Gap junction and ion channel remodeling occur early in Arrhythmogenic Cardiomyopathy (ACM), but their pathogenic consequences have not been elucidated. Here, we identified the arrhythmogenic substrate, consisting of propagation slowing and conduction block, in ACM models expressing two different desmosomal gene variants. Neonatal rat ventricular myocytes were transduced to express variants in genes encoding desmosomal proteins plakoglobin or plakophilin-2. Studies were performed in engineered cells and anisotropic tissues to quantify changes in conduction velocity, formation of unidirectional propagation, cell–cell electrical coupling, and ion currents. Conduction velocity decreased by 71% and 63% in the two ACM models. SB216763, an inhibitor of glycogen synthase kinase-3 beta, restored conduction velocity to near normal levels. Compared to control, both ACM models showed greater propensity for unidirectional conduction block, which increased further at greater stimulation frequencies. Cell–cell electrical conductance measured in cell pairs was reduced by 86% and 87% in the two ACM models. Computer modeling showed close correspondence between simulated and experimentally determined changes in conduction velocity. The simulation identified that reduced cell–cell electrical coupling was the dominant factor leading to slow conduction, while the combination of reduced cell–cell electrical coupling, reduced sodium current and inward rectifier potassium current explained the development of unidirectional block. Expression of two different ACM variants markedly reduced cell–cell electrical coupling and conduction velocity, and greatly increased the likelihood of developing unidirectional block – both key features of arrhythmogenesis. This study provides the first quantitative analysis of cellular electrophysiological changes leading to the substrate of reentrant arrhythmias in early stage ACM.

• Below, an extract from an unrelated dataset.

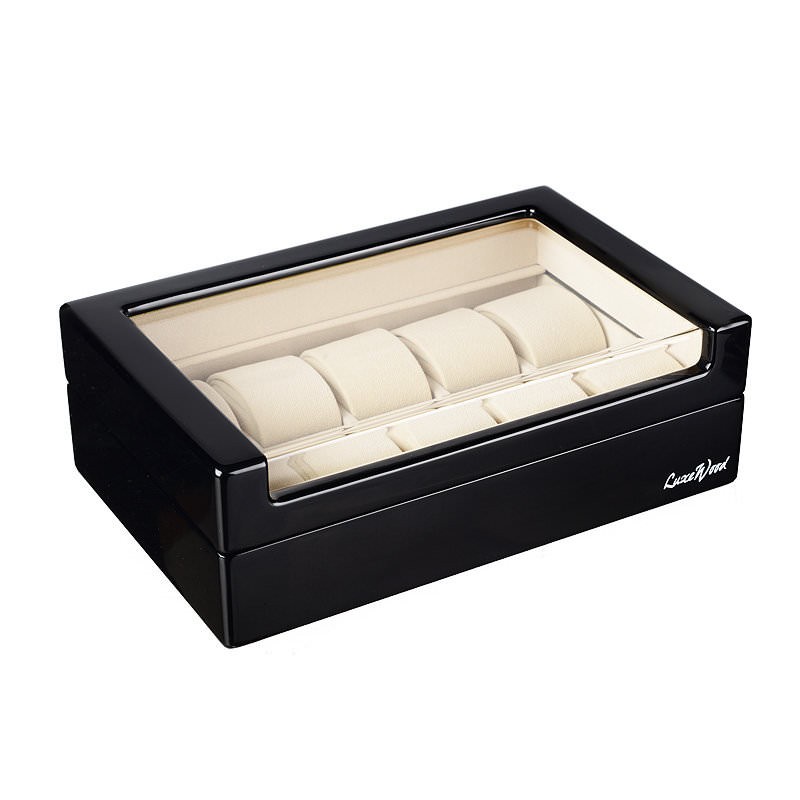 Шкатулка для хранения 10 часов Luxewood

间隙连接和离子通道重塑发生在致心律失常性心肌病（ACM）的早期，但其致病后果尚未阐明。在这里，我们在表达两种不同桥粒基因变体的 ACM 模型中确定了致心律失常的底物，包括传播减慢和传导阻滞。新生大鼠心室肌细胞被转导以表达编码桥粒蛋白plakoglobin或 plakophilin-2 的基因变异体。在工程细胞和各向异性组织中进行了研究，以量化传导速度的变化、单向传播的形成、细胞间电耦合和离子电流。两个 ACM 模型的传导速度分别降低了 71% 和 63%。SB216763 是一种糖原合成酶激酶 3 beta 抑制剂，可将传导速度恢复至接近正常水平。与对照组相比，两种 ACM 模型都表现出更大的单向传导阻滞倾向，并且在刺激频率更高时这种倾向进一步增加。在两个 ACM 模型中，以细胞对测量的细胞间电导率分别降低了 86% 和 87%。计算机建模显示模拟的传导速度变化与实验确定的传导速度变化之间存在密切的对应关系。模拟发现，细胞间电耦合减少是导致传导缓慢的主导因素，而细胞间电耦合减少、钠电流减少和内向整流钾电流的结合解释了单向阻滞的发展。两种不同 ACM 变体的表达显着降低了细胞间的电耦合和传导速度，并大大增加了发生单向阻滞的可能性——这都是心律失常发生的关键特征。这项研究首次对导致早期 ACM 折返性心律失常的细胞电生理变化进行了定量分析。